It has been an unusual year at Smith Mountain Lake State Park in Huddleston. The pandemic required several adjustments in how the park operates.
“In March we were preparing for a busy season at Smith Mountain Lake State Park. The campground opens, staff are being hired, and people are starting to fill the cabins,” said Brian Heft, park manager. “Then COVID-19 hit, and no one knew what impact it would have on the operations of state parks or the public’s need for services.”
Instead of hiring, Heft said he had to furlough many current employees with no new hires for the summer. He also had to cancel cabin reservations and keep the campground closed.
“The outlook for the future was bleak,” he said.
The park had to cancel interpretive programs, as well as the annual Osprey 10K/5K Run/Walk, two of the Winter Lecture Series programs and scheduled fishing tournaments. The park also had to cancel the summer Music in the Park Series and all boat tours.
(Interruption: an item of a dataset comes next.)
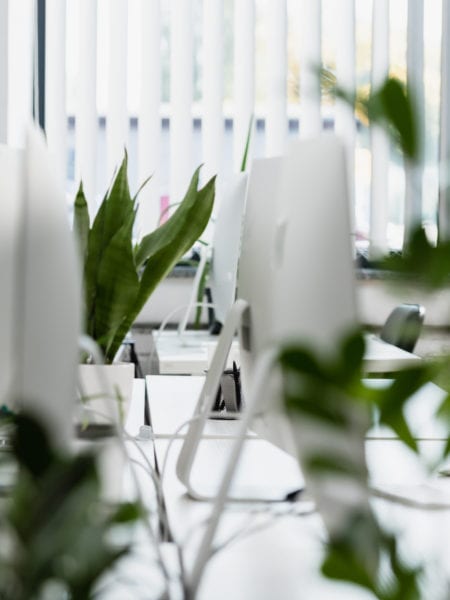 A woman working at a desk in an office with plants, representing a website design company in Chicago.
The park was open for day use of the trails and the boat ramp, Heft said; however, bathrooms and the playgrounds were closed.
Park staff had to figure out how to reopen the park safely while following CDC and state guidelines. “People need a place to recreate, and they recognize that the park is a good place to visit,” Heft said.
The state began developing best practices for bathroom and cabin cleaning, use of masks and safe distancing. They wanted to open the park so people could get out of the house and recreate safely.
The campground opened May 21, the cabins reopened on June 11 and the beach reopened June 12 with all new procedures in place.
Cabin renters must now bring their own linens, and the mattresses were covered with plastic to be easily cleaned. All hard surfaces are sanitized, and there is a rest day between rentals.
Bathrooms are frequently sanitized, and masks are required when entering the Visitor or Discovery Centers, Heft said.
“A big challenge was in managing the beach. It had to operate at a reduced level because of social distancing. The swimming platform was removed, and the snack bar at the beach had a reduced menu,” Heft said.
Because many community swimming pools were closed for the summer, the beach was a popular spot. On several occasions, the beach had to be closed to additional visitors because it had reached a safe capacity, Heft said. When that happened, visitors would find grassy knolls to spread out and have a picnic.
The park remains busy, Heft said, with hikers, bikers, kayakers and boaters.
“Melissa Baker, director of Virginia State Parks, at a recent managers meeting said, ‘Weekdays have been more like weekends, and weekends have been more like holidays,’ ” Heft said.
Jet Lawler, the park’s interpreter, has found ways to offer programs to families and small groups staying at the park. When she has a fireside program, she has a member of the Friends of Smith Mountain Lake State Park help her maintain the proper safe distancing for compliance.
“This summer of COVID-19 has many positives that I can take away,” Heft said.
The park has served as a place to recreate since people cannot continually shelter in place. Heft also noted that people are finding ways to operate safely within COVID-19 guidelines, including keeping a proper distance while in line. Overall, Heft said he is proud and pleased with his reduced staff, who are under a lot of stress, but still get the job done.